Weary. Hot. I feel nauseous from the heat. And the hardest part of the day is yet to come, at least in terms of noise and congestion: the Riviera casino. There is a strong possibility we could use this place, from midnight to 10:00 a.m. A whole area with blackjack tables is rarely used. The Riviera would be a nightmare logistically, but the La Cage showroom--all zebra-striped floors and chairs, and black decor--could be perfect for the Jubilation nightclub.
In the casino: a hellish din and the horror of so many people, like zombies, the ugly noise from the machines, the music, the yelling. It saps all the energy that I have left.
September 13, 1994. Tuesday.
Up at 5:30 a.m. Coffee, shower, shave. Collect things I need for the trailer. Caught in traffic.

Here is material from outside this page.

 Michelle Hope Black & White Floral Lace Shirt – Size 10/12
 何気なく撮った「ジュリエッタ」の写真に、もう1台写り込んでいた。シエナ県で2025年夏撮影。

Arrive at 7:35.
Kings of comedy: De Niro with Don Rickles, who plays casino manager Billy Sherbert. "In the casino: a hellish din and the horror of so many people."
From 11:30 p.m. to 1:50 a.m., I do rehearsal with Max Raven, who plays Blue, and Mitch Kolpan (a real cop from A Bronx Tale) and an officer from Vegas who knows of the real incident we're depicting.We finally shoot with two cameras, wide, no squibs. Do first take with squibs. Max cuts his finger on shards of glass from the windows of his car. 2:30 a.m., shoot Max again. Better, I think. Back to trailer for some leftover ribs.
Back at 2:40, tired now, five and a half hours of sleep. The two cops--Mitch and the other cop from Vegas force--are "on the alert," even though off duty. We have an unmarked police car blocking the street. Raven is in position for the camera on the ground, "dead" next to his car parked in the driveway. Suddenly, an ancient Oldsmobile comes up the street. Instead of stopping at our roadblock, it continues on, speeding, right onto our set. Our "cops" shout, "Everybody, get onto the sidewalk!" The car is stopped just in time. It would have smashed into the police car in the scene, with Max on the ground in position for the next shot! And it would have hit us too. It was two drunks who tried to speed past the police guarding our set, not realizing a movie was being shot! They're cuffed. One guy is let go, told to walk home! He does it, complaining all the way. Keep shooting. Mitch plants a gun on Max's body. I think we have it. Not sure. But we must stop. 5:15 a.m. Quite a first day. An eighteen-hour day that will set the pattern for the rest of the shoot. Doing six or seven different scenes in one day is too difficult. Easier, generally, to do one scene with coverage.
Tomorrow we go into the casino for six weeks. The production really begins!